= Beginning of Section =

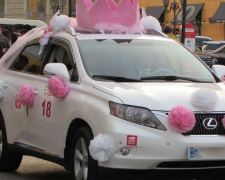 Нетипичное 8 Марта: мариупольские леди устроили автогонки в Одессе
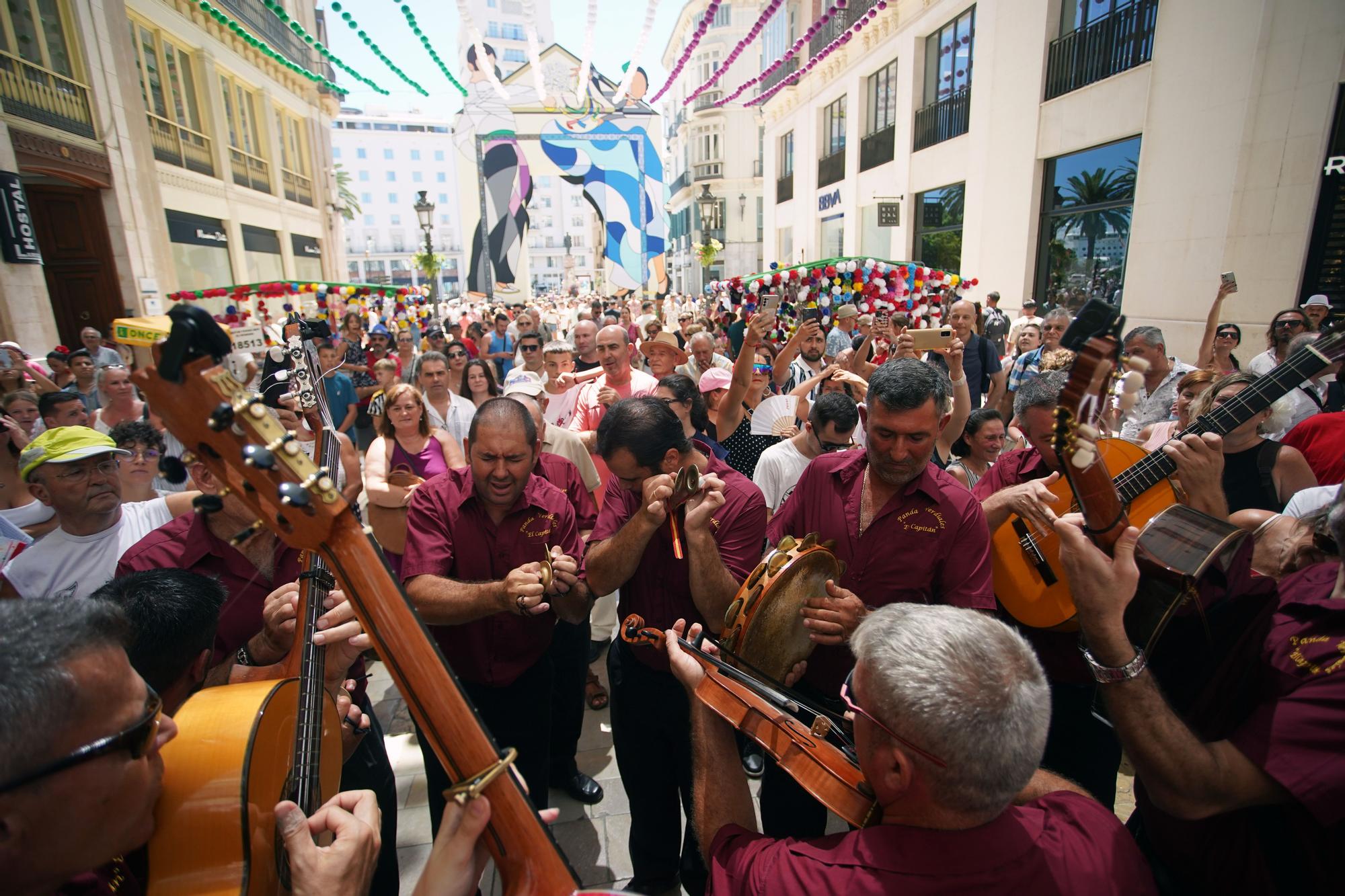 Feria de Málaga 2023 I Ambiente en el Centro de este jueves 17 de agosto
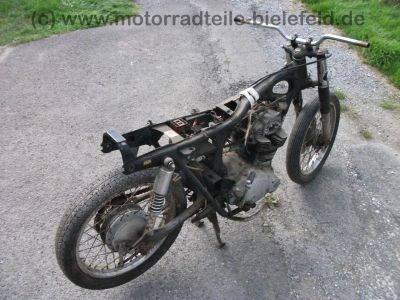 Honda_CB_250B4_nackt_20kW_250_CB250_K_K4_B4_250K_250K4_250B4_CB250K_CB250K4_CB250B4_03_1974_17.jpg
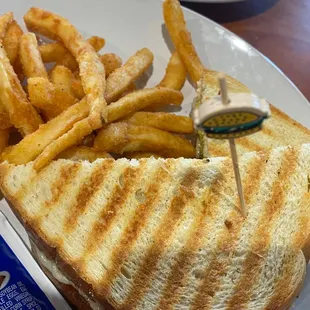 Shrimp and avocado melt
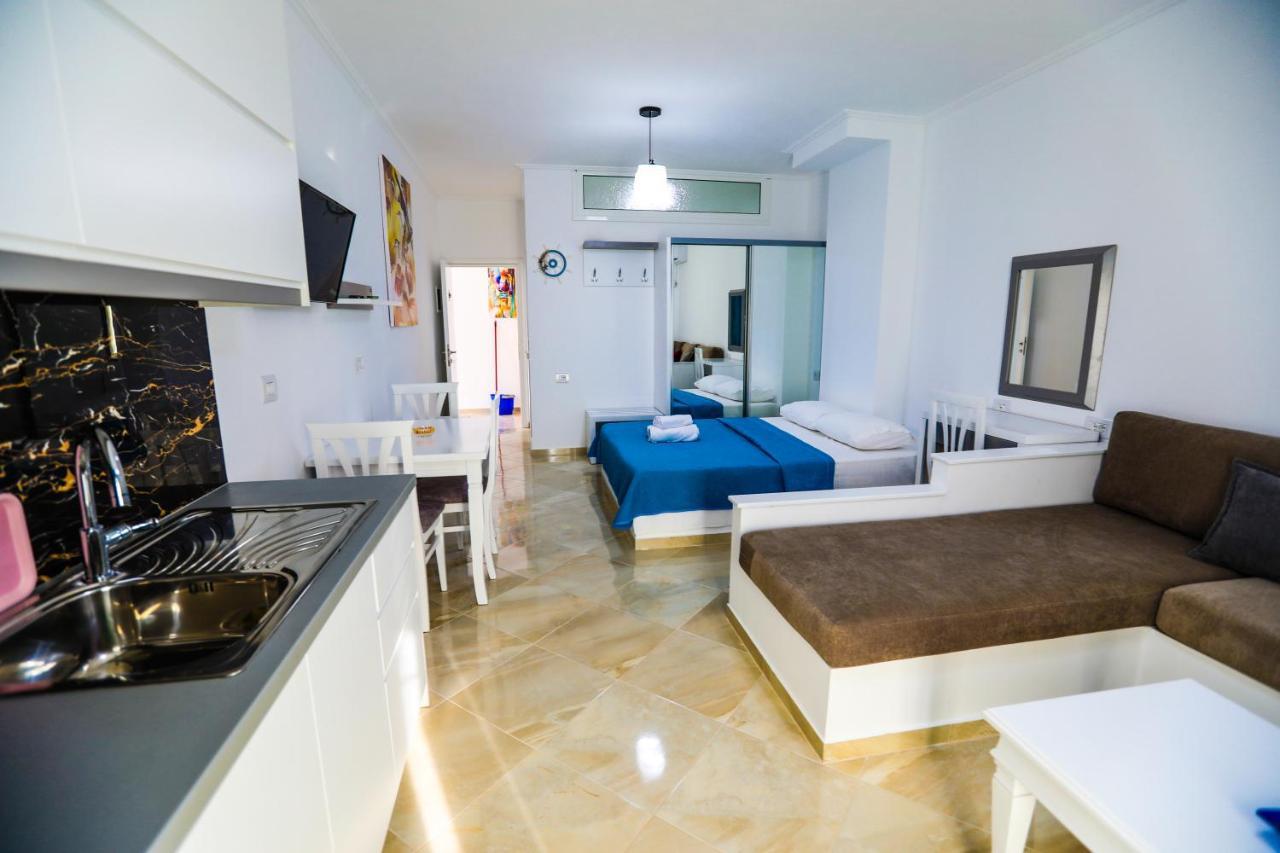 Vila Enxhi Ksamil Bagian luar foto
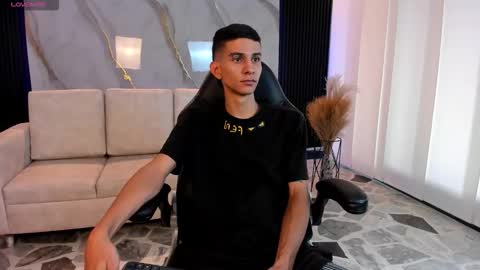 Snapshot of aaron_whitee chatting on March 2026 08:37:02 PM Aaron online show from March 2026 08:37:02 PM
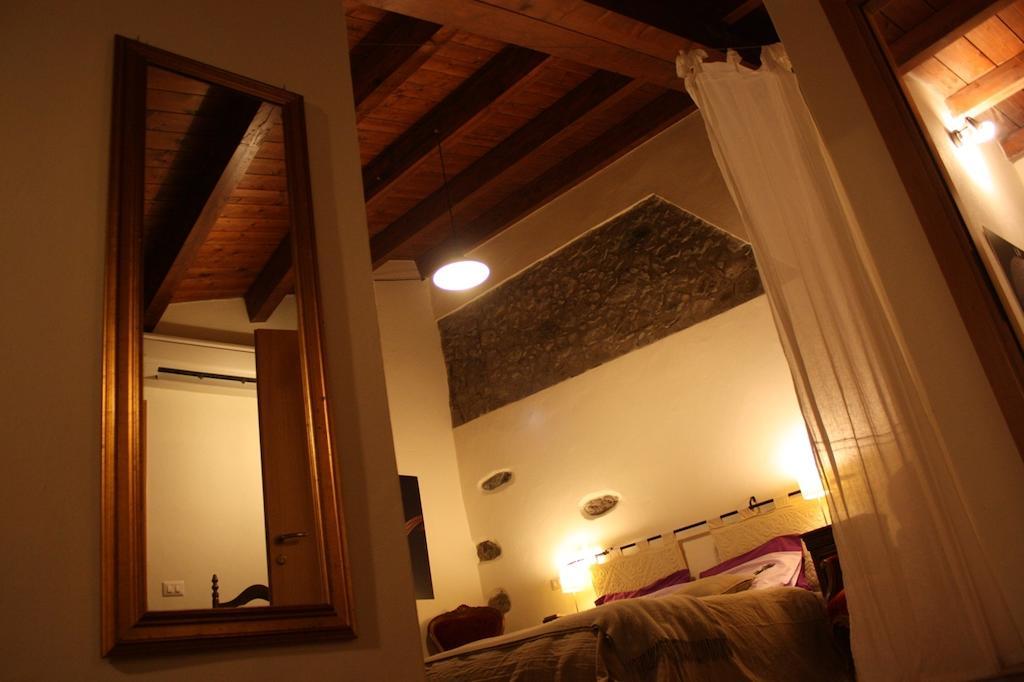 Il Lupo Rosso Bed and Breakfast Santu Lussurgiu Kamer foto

= End of Section =
= Beginning of Section =

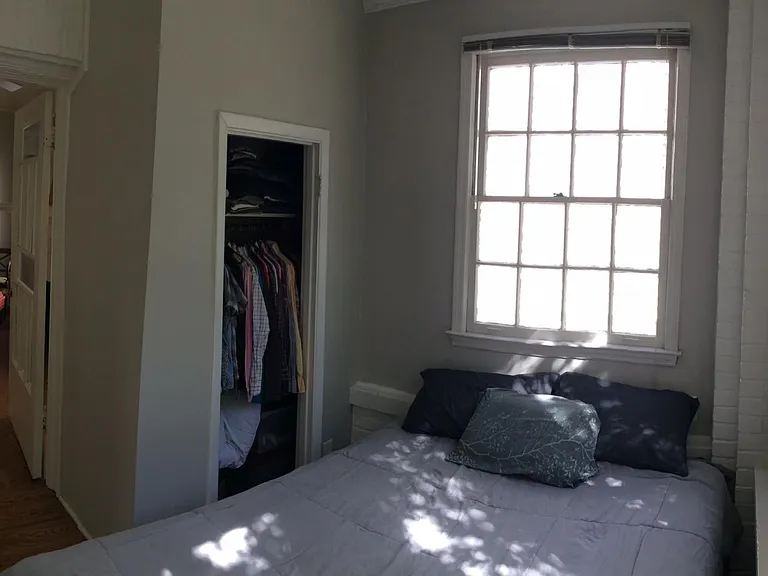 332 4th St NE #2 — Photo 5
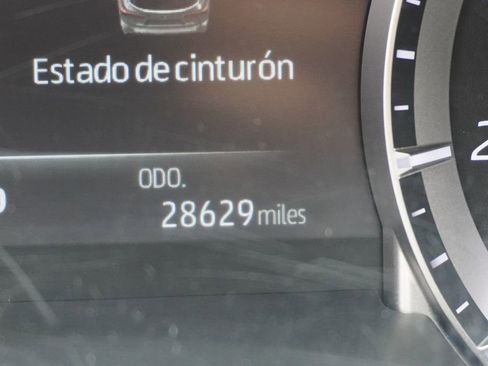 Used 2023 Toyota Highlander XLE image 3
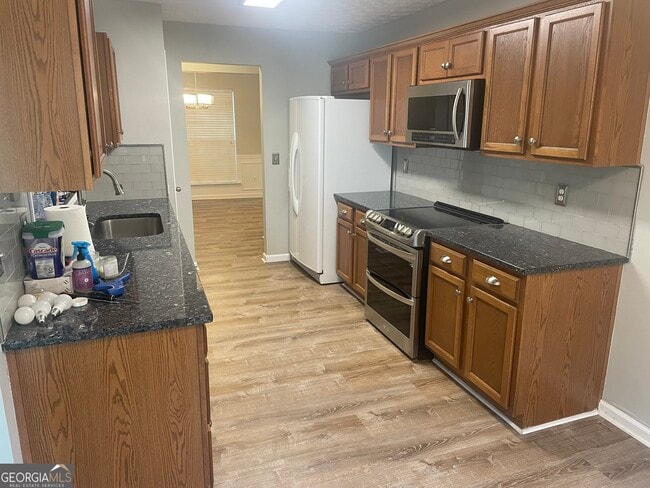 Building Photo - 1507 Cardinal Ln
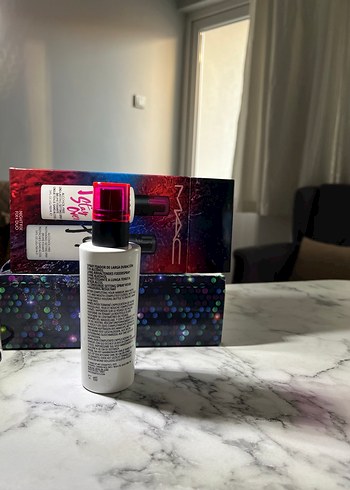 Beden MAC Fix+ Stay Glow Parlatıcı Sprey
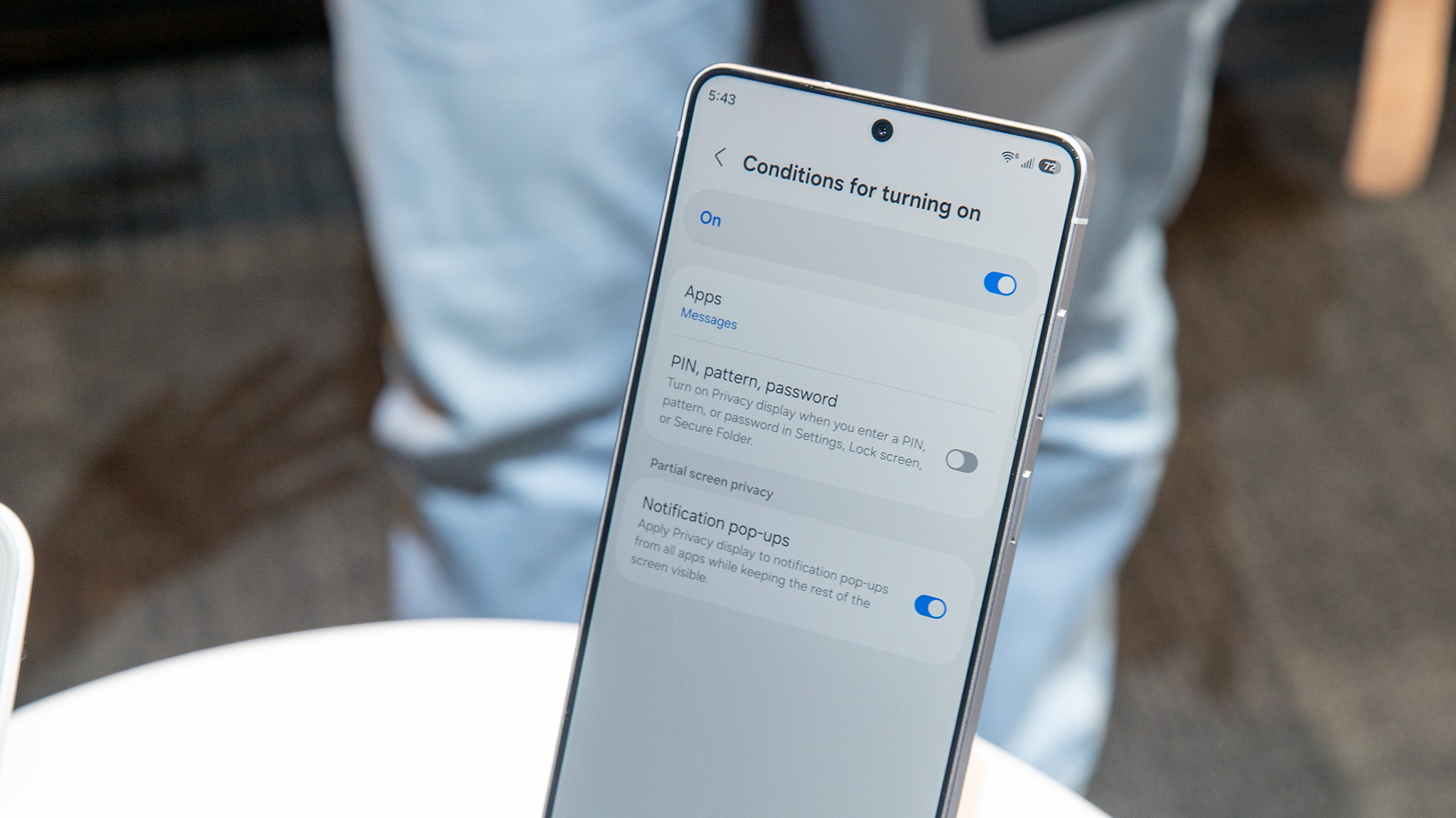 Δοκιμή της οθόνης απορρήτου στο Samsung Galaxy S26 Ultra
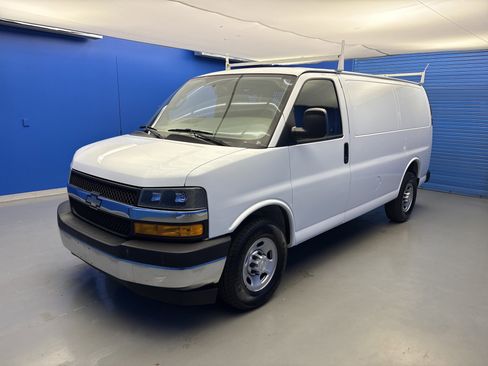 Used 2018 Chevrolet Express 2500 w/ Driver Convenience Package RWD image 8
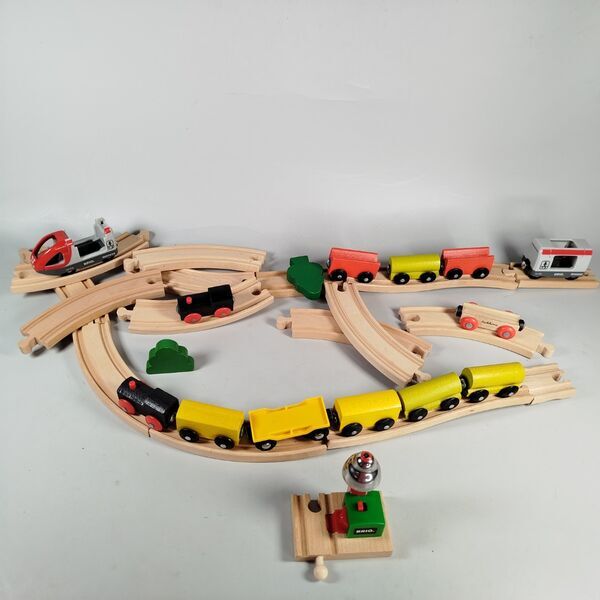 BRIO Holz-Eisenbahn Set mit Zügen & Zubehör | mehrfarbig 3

= End of Section =
= Beginning of Section =

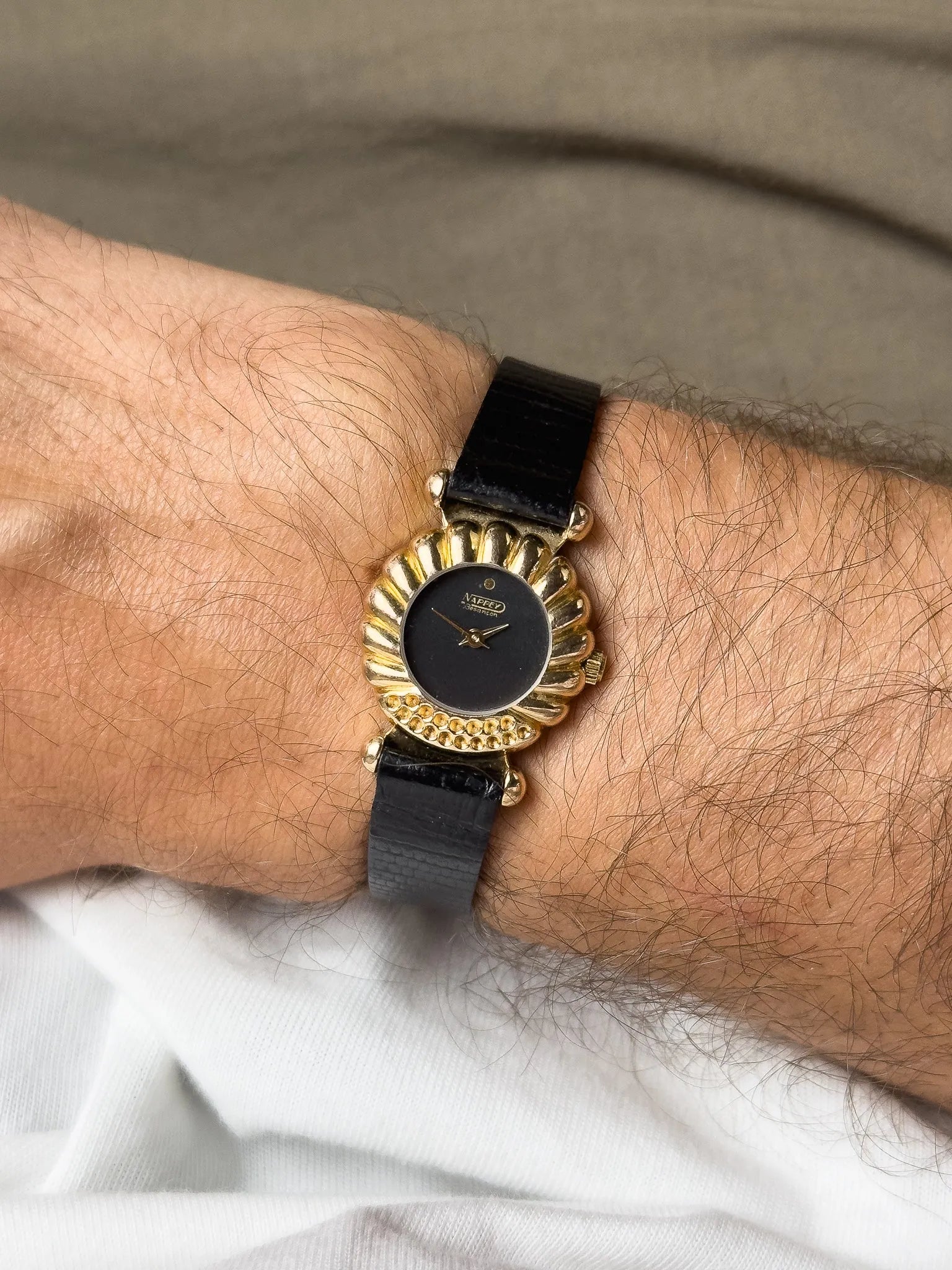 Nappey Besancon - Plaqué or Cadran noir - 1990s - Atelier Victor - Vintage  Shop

= End of Section =

* [What the exercise asks]
Using the entries above, repeat exactly the lines from the one with "Snapshot of aaron_whitee" to the one with "Il Lupo Rosso", both included, and leave the pictures behind.

* [Response to the task]
 Snapshot of aaron_whitee chatting on March 2026 08:37:02 PM Aaron online show from March 2026 08:37:02 PM
 Il Lupo Rosso Bed and Breakfast Santu Lussurgiu Kamer foto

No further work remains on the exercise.